LLMs are excellent at interpreting text, writing, summarizing, and generating content. But when it comes to calculation, statistics, and data analysis, “almost right” doesn’t cut it. For financial reports, sales spreadsheets, and business decisions, you need absolute precision.
That’s exactly what Deep Analysis is for: a tool that combines LLM natural language conversation with the accuracy of traditional computing.
What is Deep Analysis?
Deep Analysis is a safe, isolated environment (a “sandbox”) where, instead of the AI trying to “do the math in its head”, it:
understands what you want to do with the data
writes Python code to carry out that task
runs that code in the sandbox
returns the result with 100% correct mathematical calculations
In other words: you chat in Portuguese; Tess translates that into code, runs it, and gives you the finished result (tables, metrics, charts, segmentations, etc.).
How to use Deep Analysis in chat
Whenever you need some quantitative analysis, or quali/quanti, a report, HTML, or similar processing, turn on the Deep Analysis tool in the chat!
If you already have a base document, remember to upload your file, make your request in natural language, and mention the file and what needs to be done with it.
Use it whenever data accuracy is the top priority, for example:
Financial analyses
Calculate EBITDA, profit margin, average ticket
Compare periods (month over month, year over year)
Project scenarios (simulations and projections based on historical data)
Data visualization
Create bar, line, pie, scatter charts etc.

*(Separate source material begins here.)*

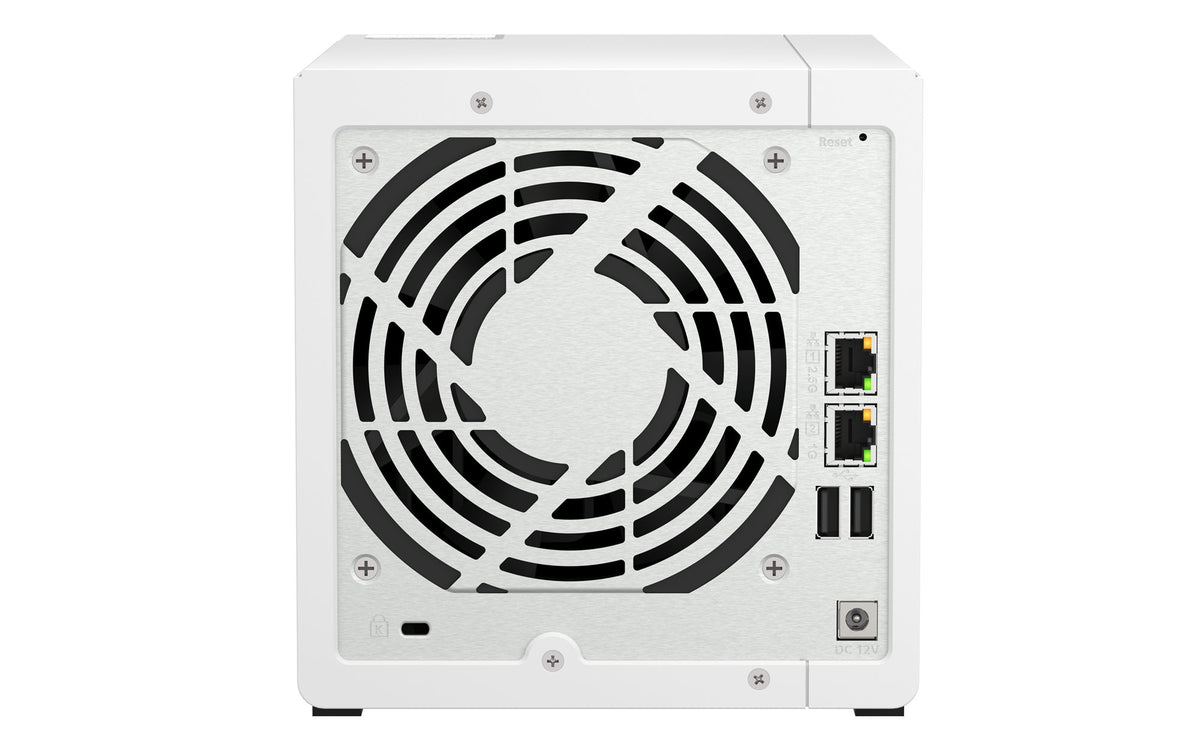 4-Bay ARM 4C 2.0GHz 4GB RAM SATA GbE USB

Visualize trends in sales, churn, engagement, costs
Sales and customer analysis
Identify best-selling products
Segment customers by value range or purchase frequency
Evaluate campaign or channel performance
Engineering, science and experiments
Run complex formulas
Process experiment data
Do statistical analyses (means, medians, standard deviation, correlations)
Common supported formats
Spreadsheets (XLSX)
CSV files
Other structured formats that can be read via Python (when applicable)
Prompt examples:
“Analyze this file vendas_trimestre.xlsx, calculate the total sales for each product category, and create a pie chart with each category’s share.”

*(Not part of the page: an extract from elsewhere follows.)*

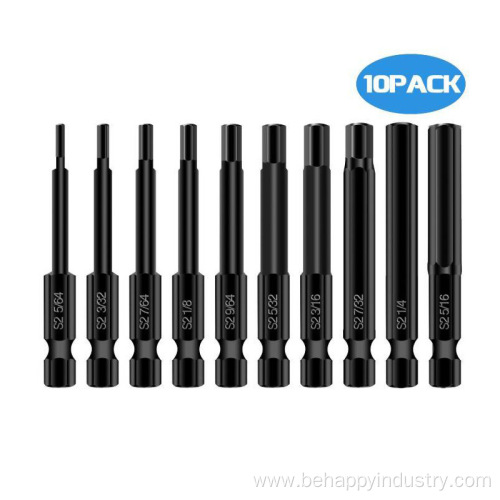 Hex Head Allen Wrench Drill Bit Set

“In this customer CSV, calculate the average ticket by region and show it in a table sorted from highest to lowest.”
“Generate a line chart showing the monthly revenue trend over the last 12 months.”
In this process, Tess will write the code, run it in the sandbox, and return the results (tables, explanations and, when requested, charts generated from the data).
Deep Analysis is the bridge between natural language conversation and the rigor of data science. It makes sure that the reports, analyses, and charts generated by Tess AI are not just smart — but mathematically correct.